Home Equities under pressure

Much like the selloff in gold bullion that commenced earlier in the week, equities have now found themselves under pressure as a series of weak earnings reports has global capital markets in a decidedly risk off mood.   Starting in Asia, Chinese consumer confidence hit a 19 month low while business sentiment slid to a six year low as the mainland economy continues to show signs of fundamental weakness.   While it has been suggested that these data points are in a large part a response to the dramatic sell off in Chinese markets in June, it is more likely that they are a sign of broader weakness in the overall economy as China manages its transition from a middle income to an advanced economy. This is further underscored by the fact that only about 15% of household financial assets are held in equities in China, meaning that the same transmission mechanisms that exist between financial markets and the real economy in advanced countries simply do not exist to the same extent in China. Outside of China, the yen and aussie are both trading on a stronger footing as the Reserve Bank of Australia head delivered a relatively sanguine outlook on the risks facing the Australian economy while the yen is benefiting from its status as a safe haven currency while a risk off stance permeates global financial markets.   Additionally, something to look out for on the horizon is a rate policy decision later today in New Zealand, with market participants expecting another rate cut, already today the kiwi dollar has taken a knock.

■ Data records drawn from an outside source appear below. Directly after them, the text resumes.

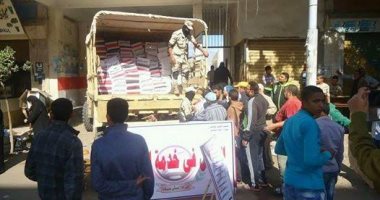 القوات المسلحة توزع كراتين السلع المدعمة فى مدينة فارسكور بدمياط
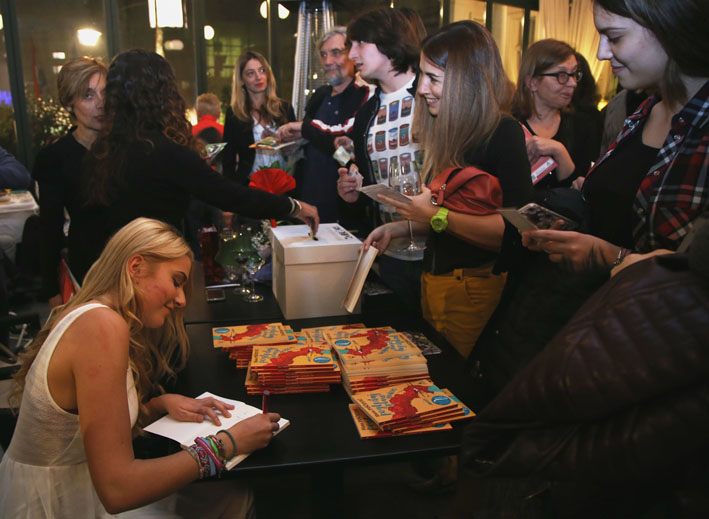 Promocija romana Pogledaj plavi avion autorka Hana Piscevic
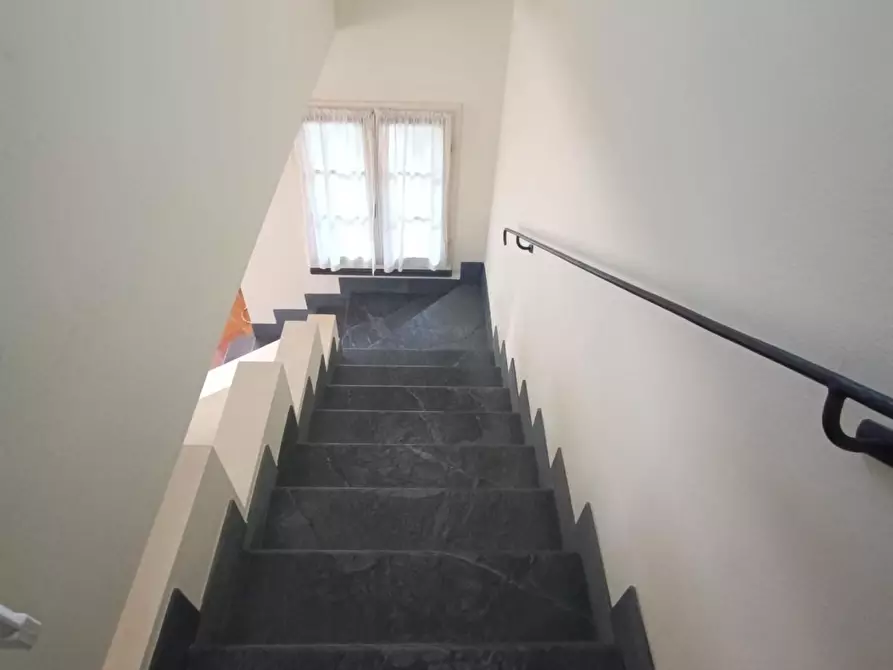 Immagine 24 di Villetta a schiera in affitto  a Montignoso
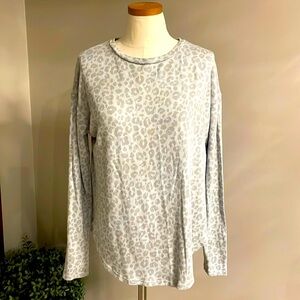 Gap women’s TALL MED gray cheetah casual knit top split open sides long sleeve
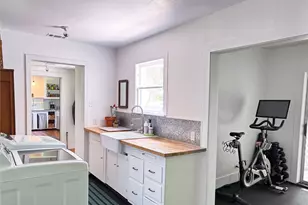 200 E Brenham St, Elgin, TX 78621 - Photo 26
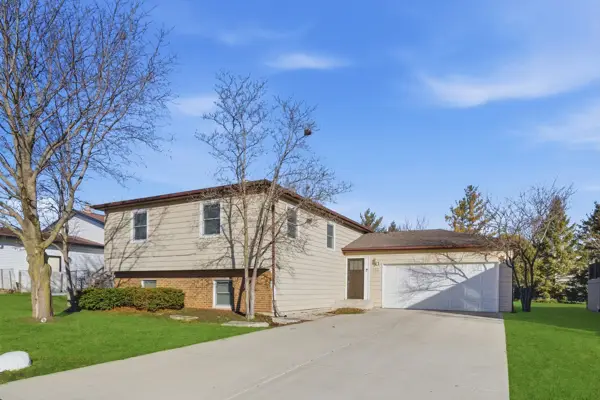 766 Michigan Avenue, South Elgin, IL 60177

Moving on to Europe, todays shift in sentiment becomes clearer as European equities are broadly lower while market participants digest the disappointing financial results effecting tech giants IBM, Microsoft and Apple. Notably, the sterling has recommenced its upward stride after members of the Bank of England’s monetary policy committee opted not raise rates at this juncture but did point out that inflation in the UK may hit its 2% target earlier than expected and as a consequence the BoE may shift towards a more restrictive monetary stance as early as the end of this year.   Outside the UK, the euro is also posting gains as its status as a safe haven currency has drawn capital from more risky asset classes.

Moving stateside, S&P futures indicate that North American markets are set to open lower with the risk off sentiment resulting from yesterday’s poor earnings reports largely to blame.   Driven in part by this shift in mood, the USD is on the retreat with it losing ground versus the yen, euro, loonie and aussie. With little in the way of economic data to drive market activity other than housing and crude oil inventories we can expect trading in the North American session to largely be driven by sentiment, which today does not bode well for equities nor commodities.